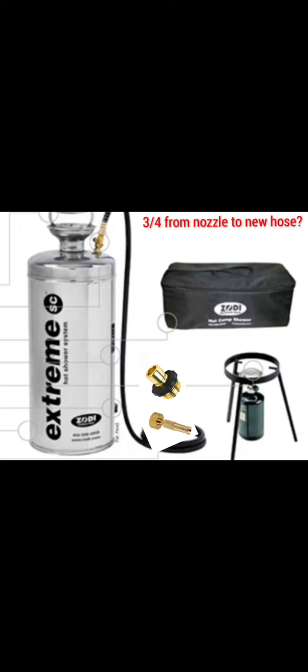Those brass ones I know are a little more expensive, but I think it'll be durable. And the fitting should only be like a couple of dollars at Home Depot. And the hose, if I'm lucky, I could find it somewhere.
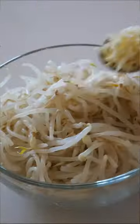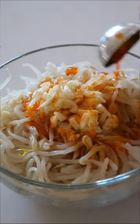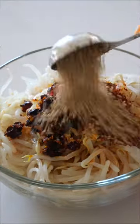After parboiling your bean sprouts for just a couple minutes, rinse them and wring out all that excess water. Then you're just gonna toss in a handful of our favorite ingredients to make the yummiest bean sprouts you've ever had.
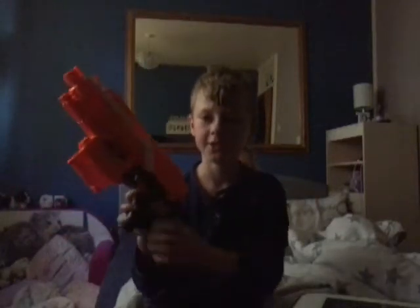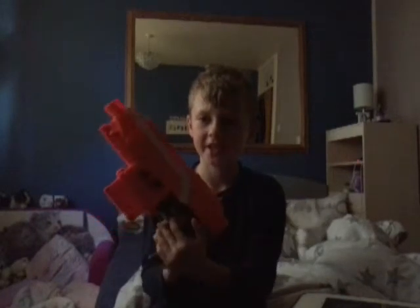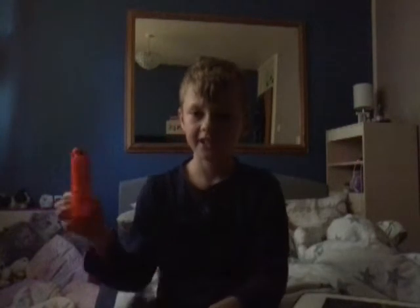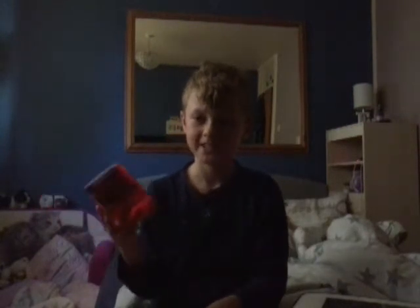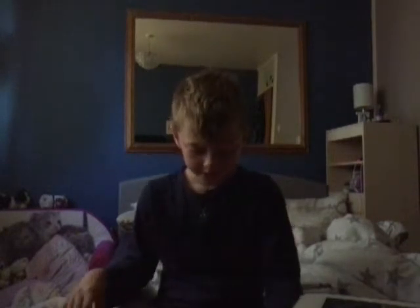Today I'm going to be showing off the first Nerf N-Strike Elite Semi-Automatic Strife. It carries six darts in one magazine — pretty low amount, but that's fine. It takes four batteries, like larger batteries. I bought some large batteries from Tesco, so if you have Tesco nearby, you're good.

== About this exercise ==
Output the material above verbatim but exclude each picture.

== Response box ==
Those brass ones I know are a little more expensive, but I think it'll be durable. And the fitting should only be like a couple of dollars at Home Depot. And the hose, if I'm lucky, I could find it somewhere.
After parboiling your bean sprouts for just a couple minutes, rinse them and wring out all that excess water. Then you're just gonna toss in a handful of our favorite ingredients to make the yummiest bean sprouts you've ever had.
Today I'm going to be showing off the first Nerf N-Strike Elite Semi-Automatic Strife. It carries six darts in one magazine — pretty low amount, but that's fine. It takes four batteries, like larger batteries. I bought some large batteries from Tesco, so if you have Tesco nearby, you're good.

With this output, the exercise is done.